Issue: Whether or not the certificate of shares of stock can be


declared lost.

Held: Yes. Administration whether principal or ancillary certainly


extends to the assets of a decedent found within the state or
country where it was granted.

It is often necessary to have more than one administration of an


estate. When a person dies intestate owning property located in
the country of his domicile as well as in a foreign country,
administration is had in both countries. That which is granted in
the jurisdiction of decedents last domicile is termed the principal
administration, while any other administration is termed the
ancillary administration. The reason for the latter is because a
grant of administration does not ex proprio vigore have any effect
beyond the limits of the country in which it is granted.

Hence, an administration appointed in a foreign state has no


authority in the Philippines. The ancillary administration is
proper, whenever a person dies, leaving in a country other than
that of his last domicile, property to be administered in the nature
of the deceaseds liable for his individual debts or to be
distributed among his heirs.

Since there is refusal, persistently adhered to by the


domiciliary administration in New York, to deliver the shares of
stocks of appellant corporation owned by the decedent to the
ancillary administration in the Philippines, there was nothing
unreasonable or arbitrary in considering them lost and
requiring the appellant to issue new certificates in lieu
thereof.
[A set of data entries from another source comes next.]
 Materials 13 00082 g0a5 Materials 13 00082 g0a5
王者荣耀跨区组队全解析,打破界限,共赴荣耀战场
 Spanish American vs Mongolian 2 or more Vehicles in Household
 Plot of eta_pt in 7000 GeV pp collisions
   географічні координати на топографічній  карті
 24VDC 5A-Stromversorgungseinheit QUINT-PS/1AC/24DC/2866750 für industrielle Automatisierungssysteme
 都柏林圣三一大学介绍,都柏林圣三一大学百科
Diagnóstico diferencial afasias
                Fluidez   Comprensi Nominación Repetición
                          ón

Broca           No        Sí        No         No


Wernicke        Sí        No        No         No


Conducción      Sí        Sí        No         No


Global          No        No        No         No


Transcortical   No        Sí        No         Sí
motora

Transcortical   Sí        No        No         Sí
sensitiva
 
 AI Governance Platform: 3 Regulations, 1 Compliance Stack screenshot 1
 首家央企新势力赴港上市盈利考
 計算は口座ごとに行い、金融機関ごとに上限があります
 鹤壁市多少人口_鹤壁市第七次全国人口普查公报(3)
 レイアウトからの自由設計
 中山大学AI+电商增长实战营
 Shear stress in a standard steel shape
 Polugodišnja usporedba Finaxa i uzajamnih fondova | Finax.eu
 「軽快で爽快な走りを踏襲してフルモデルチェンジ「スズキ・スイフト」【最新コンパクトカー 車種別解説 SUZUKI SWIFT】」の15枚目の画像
Thereby the task incumbent under the law on the
ancillary administration could be discharged and his responsibility
fulfilled.

Assuming that a contrary exist between the provision of the laws


and the command of a court decree, the latter is to be
followed.

A corporation as known to Philippine jurisprudence is a


creature without any existence until it has received the
imprimatur of state according to law. It is logically
inconceivable therefore it will have rights and privileges of a
higher priority than that of its creator, more than that, it cannot
legitimately refuse to yield obedience to acts of its state organs,
certainly not excluding the judiciary, whenever called upon to do
so.
Republic of the Philippines
SUPREME COURT
Manila

EN BANC

G.R. No. L-23145 November 29, 1968

TESTATE ESTATE OF IDONAH SLADE PERKINS, deceased. RENATO D. TAYAG, ancillary


administrator-appellee,
vs.
BENGUET CONSOLIDATED, INC., oppositor-appellant.

Cirilo F. Asperillo, Jr., for ancillary administrator-appellee.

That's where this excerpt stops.